During the Kevin Lowe administration–which began in 2000 summer–the Edmonton Oilers rarely do a lot of in-season tinkering. They’ll offload or add at the deadline, but for the most part the club chooses its team in the summer via trade, draft and free agency and then gives that group 40 games to find chemistry.
An example of it would be 2005-06, a season in which everyone knew the Oilers needed goaltending early on. Lowe waited until the deadline before adding Dwayne Roloson (and others) to a top quality hockey club. That run in the spring of 2006 represents the highest level for the organization in a generation, and it also allows us a glimpse into the ‘sense of urgency’ within the organization to start each season with a balanced roster.

SENSE OF URGENCY?

In recent years, the Edmonton Oilers have used waivers during the season to acquire talent. Ryan Jones is the most obvious example, a plug and play energy winger who found a home with Edmonton.
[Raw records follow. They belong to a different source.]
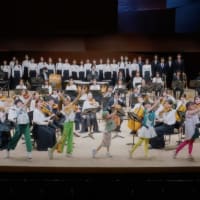 NHK番組とのコラボ　[あおきいろ]【ツバメ】オーケストラ バージョン 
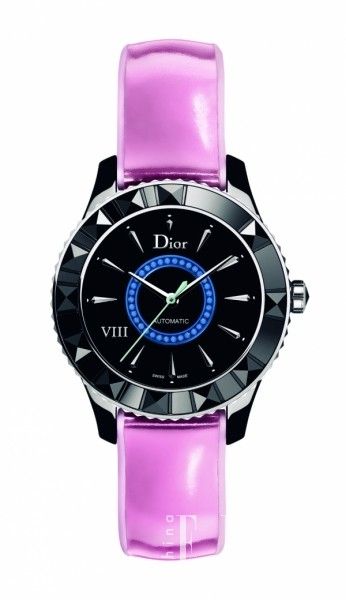 表上风姿 Dior 2014巴塞尔表款曝光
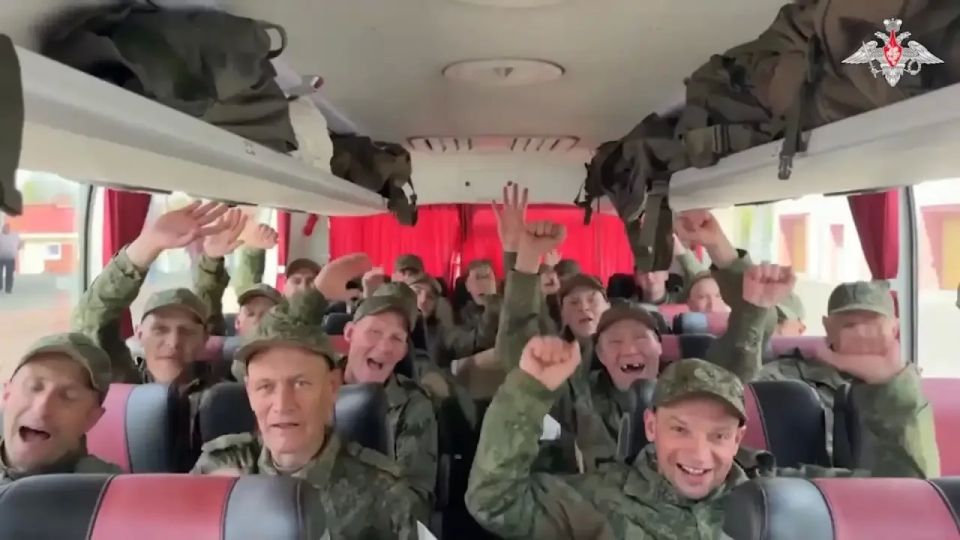 Из плена вернулись трое южноуральских военных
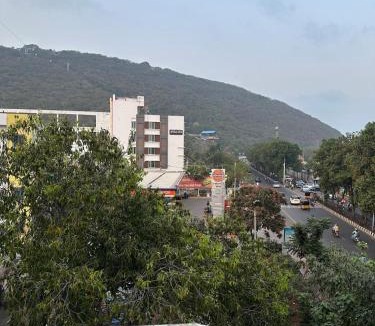 MVP Colony Apartment | Talupula Beach View Homestay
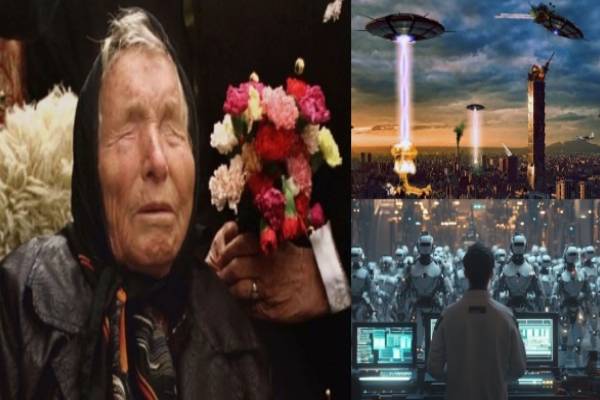 2026இல் நடக்கப்போகும் மர்மங்கள் என்ன? பாபா வங்காவின் 5 கணிப்புகள் | Baba Vanga Predictions 2026 What Is Matter 2026இல் நடக்கப்போகும் மர்மங்கள் என்ன? பாபா வங்காவின் 5 கணிப்புகள் | Baba Vanga Predictions 2026 What Is Matter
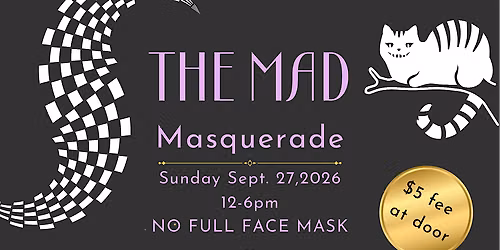 The Mad Masquerade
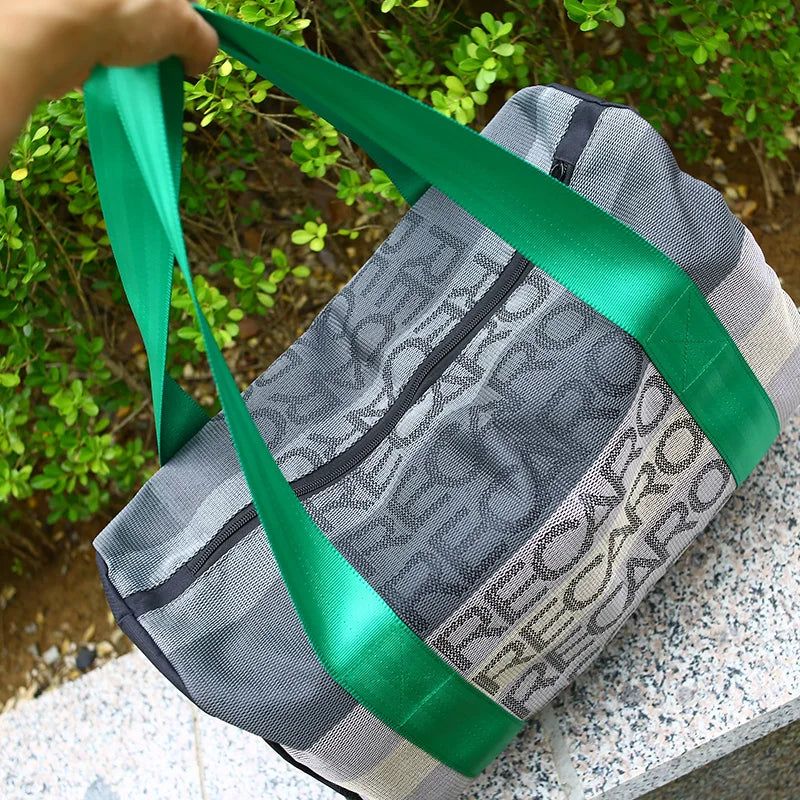 Sakura SpeedWorks RECARO Seat Fabric Duffel Bag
Steve MacIntyre also came via waivers in September 2008 and the club grabbed Jesse Boulerice for about 5 minutes in there somewhere.
A small number of waiver pickups, but in terms of procurement both Ryan Jones (168 Oilers games and counting) and Steve MacIntyre (56 games) spent significant time with the club.
Waiver acquisitions can address weakness and offer a team opportunities to fill holes without giving up assets.

THIS YEAR

Jonathan Willis had an outstanding article up today on the early waiver options, and there’s more on the way.  Jon’s #1 is Patrick Maroon, a player we looked at as a possible acquisition back in August when checking out the Minor League All-Stars.
I think we’re going to have an interesting group of waiver players this season, and the Oilers might be part of the fun. If I’m reading the waiver rules correctly (or what we’ve seen of them) Edmonton could acquire Patrick Maroon via waivers and expose Darcy Hordichuk or Eric Belanger to the waiver wire to make room on the roster short term. Since the club can bring back Hordichuk or Belanger at any time without risk of re-entry waivers, they might be able to make this kind of transaction several times a season.
They could also grab Maroon and send Teemu Hartikainen back to OKC, a more traditional way of adding talent. If Maroon doesn’t look good in a 2 week look-see, call Hartikainen back up, risk waivers on Maroon and if he’s lost well nothing ventured nothing gained.
Edmonton could also grab a goalie of note, waive Nikolai Khabibulin and recall the Russian when needed, or grab a defenseman and carry 8D or risk waivers on someone like Corey Potter or Theo Peckham. Or they could pick a defenseman and waive a forward, which may make more sense with the current need on the back end.

WHAT DOES IT ALL MEAN?

We may find out in the coming days that the waiver rules have some ‘denver boot’ that doesn’t allow for this kind of ‘raiding’ of minor league players. However, if there’s a loophole and Edmonton could pick up a solid goalie, another good defenseman and a forward of value in exchange for putting Khabibulin and Belanger on waivers and or sending down Hartikainen, wouldn’t that be something worth pursuing?
I think it would.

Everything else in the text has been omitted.